Planning your future is a lot like walking through your house in the middle of the night with the lights off—you hope you won’t crash into an ottoman or stub your toe on a dumbbell—all you need to do is take a piss, but the journey to the toilet is treacherous! How can we plan ahead when time will always keep rolling on and the world won’t stop for you—how can we plan when we have no control? Everything is so random and chaotic and dangerous. There is no reasonable way to predict the future, you can only prepare for it.
It is daunting, the future, the only Truth we have about what our lives will bring is that they will ultimately come to an end; and yet you cannot lose hope. The future is opportunity as much as it is demise. The candle will go out, but it’s not where you’re going, it’s how you get there.
We should all make plans, and then plan for them to change, and plan to make new plans when they do. Nothing is certain. Everything is transient and subject to the woes of the damned universe and its unyielding indifference to our needs. We ourselves will change, our passions will evolve and so will our priorities. The people and things that I love now, the things that I hold dear and put value in—will I feel the same way ten years from now? There’s no way to know. So we have to look inside of ourselves for personal truths. The things that we think and hope could possibly bring us a semblance of contentment about ourselves and about our endeavors. Our lives should be a livelong pursuit of self-understanding so that we can identify our needs and desires and strengths and weaknesses—when those unknown’s become known we can pave a road to fulfillment and happiness.
In a practical sense, we can plan things like a career to a certain extent, we can plan a family, plan a city we might like to live in. We can hope for the best and expect the worst. And then hope we will be pleasantly surprised.
Dreams of the future are allowed to be unreasonable, but they should not be unattainable. In the future, I plan to be a filmmaker, a director and/or cinematographer. How will I do that?
From what I know about the industry, the independent world and Hollywood machine alike, it takes three things: Talent, Hard work and Luck.
Robert Evans said “Luck is where preparation meets opportunity.” My opportunity hasn’t come yet, and I don’t know that it will—but if and when it does come—I intend to be ready.
I have worked on just under 50 short films since the start of 2011. I have directed 8 projects, and specialized in camera and lighting on most of the others. I have developed a strong understanding of the technical components of the craft. I am confident that I can light any scene with the proper equipment and make it look good. Now that I have a solid base knowledge of filmmaking as a technician, I believe that I could find work as a grip, assistant camera operator or assistant production manager after a few years as a production assistant. But that is not my goal. That is not my future.
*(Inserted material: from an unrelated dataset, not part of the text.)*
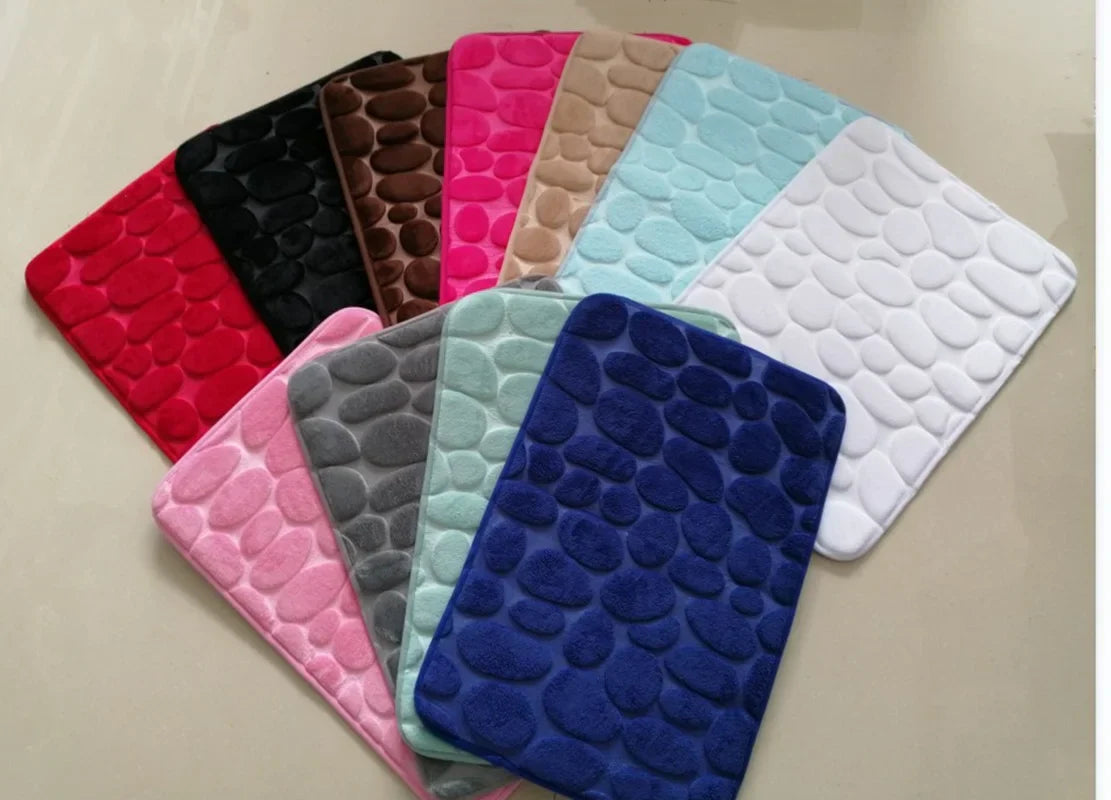 Safe and Stylish Geometric Embossed Bath Mat – Non-Slip with Soft Texture - Atelier Dubois Paris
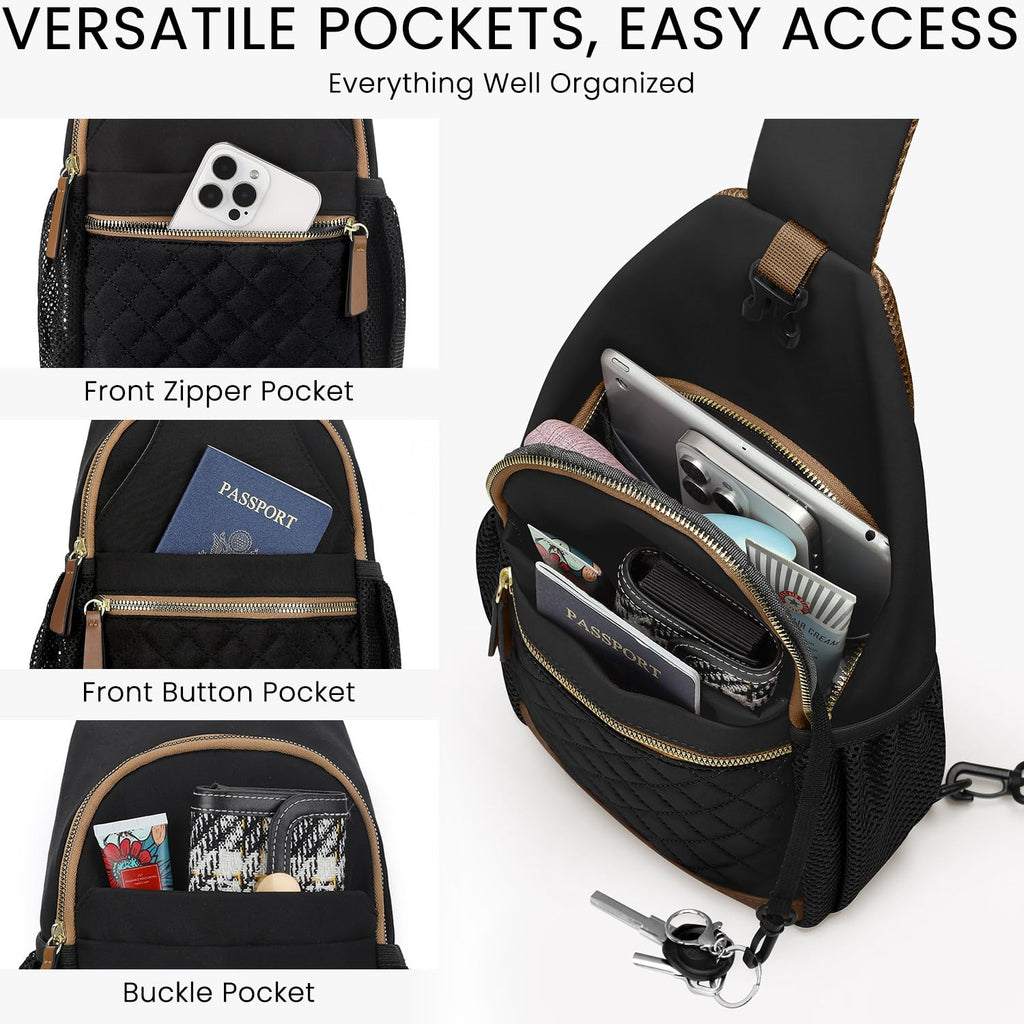 Vankor Small Crossbody Purses Bags for Women Men Travel, Chest Sling Bag Women Casual Cross Body Bag for Woman Sling Backpack Black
What I need to do is take the craft and find my “voice” or style. I know what I like in films, I have ideas about things, a sort of philosophy about how to approach it. But it is my belief that you cannot learn by watching or reading—you can only learn by doing. “Teacher is the best experience.”
I learn every time I direct a project, be it short film, commercial or music video. It has been said that it takes 30 or so bad movies before you can make a good one. My plan for now, is to continue working, learning and creating. Next summer I will produce and co-direct/DP (Director of Photography) a low budget feature length film to be shot in Milwaukee and the surrounding area, as well as in Duluth, Minnesota. I am currently in pre-production on a short in which I will work in the same roles that will be shot in the next two months, it is a prologue of sorts to the feature, it involves some of the same characters and exists in the same story world.
From that, we will try to raise money from independent financiers, family, friends and through crowd-funding. We will use the footage and other previous works as a sort of digital resume. We will harness our pitch and try to get others as excited about it as we are. Then we will make the film, try to raise more money for post-production and ultimately begin the gamut of film festival submissions. We are going to aim high—Sundance, Tribeca and Cannes—see what happens and move on from there to local festivals and smaller, less competitive ones. Our hope is that either someone somewhere will like the film enough to distribute it in some way. Once you have distribution, you have liquid credibility, and you can actually get paid to make something else.
That is my future for the next year and a half—I am very focused on my career at this point and do not want to think about serious relationships, children or even my future beyond the feature. I’m doing freelance film gigs as well as looking at advertising work upon graduation—but the feature is my life right now.
The odds say I should fail, but I won’t go out without a fight.